Barkside sells a variety of bones and meats, including beef, duck, elk, buffalo and kangaroo. She said the difference between buying raw dog food versus going to a butcher is being able to portion out the right amounts of bone, meat and organs for each meal.

The idea behind feeding dogs raw meat is that nutritional value is better retained because the food is not cooked. Others do it because they believe it’s closer to the diet the animals would have had in the wild.

Meghan Elenbaas, president of Lucky Dog Cuisine Canada, said people want to know exactly goes into their dog’s food and are now more willing to pay for it.

“We were brought up to believe that this is dog food and that’s what we should be feeding our pets,” she said.

“It’s like if you ate Cheerios for the rest of your life.

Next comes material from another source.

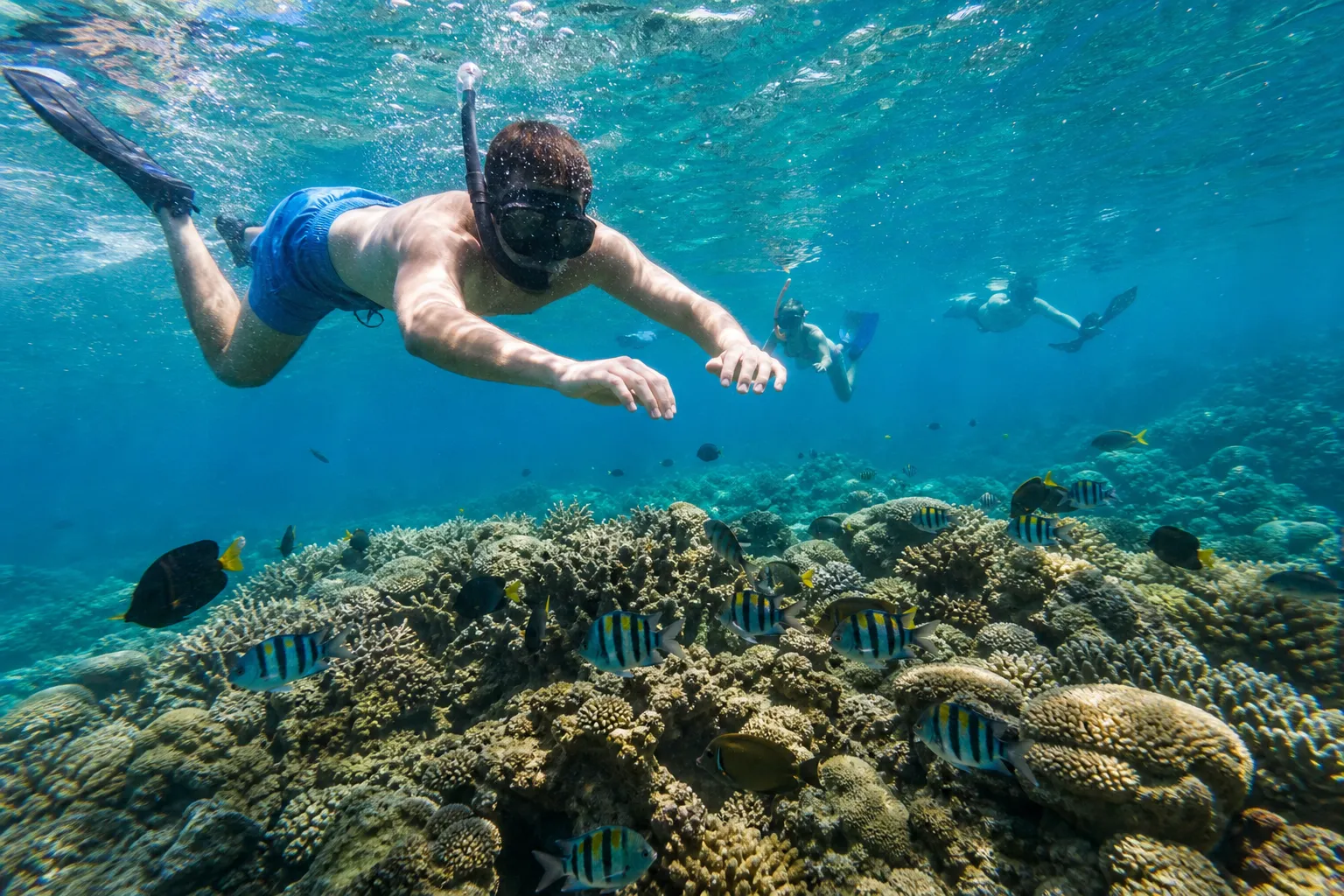 Underwater snorkeling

It’s not necessarily bad, but you won’t do well if that’s the best food you ever ate.”

Lucky Dog Cuisine makes natural, human-grade food for dogs out of meat from high-end butcher shops and local produce. Elenbaas likened it to a “gourmet stir-fry” for dogs, one that owners can also enjoy.

“A lot of people who do feed our food are into food themselves,” she said. “Their dogs have become part of the family. They love food and they want their dog to love food too.”

Deb Kurdydyk has since adopted another mutt she found on the side of the road after Biscuit died at the age of 16.

She credits Biscuit’s long life, and the health of her new pup, to her decision to ditch the store-bought kibble and only cook “people food.”

“They really are our kids and should eat food of good nutritional quality and good sourcing as well,” said Kurdydyk.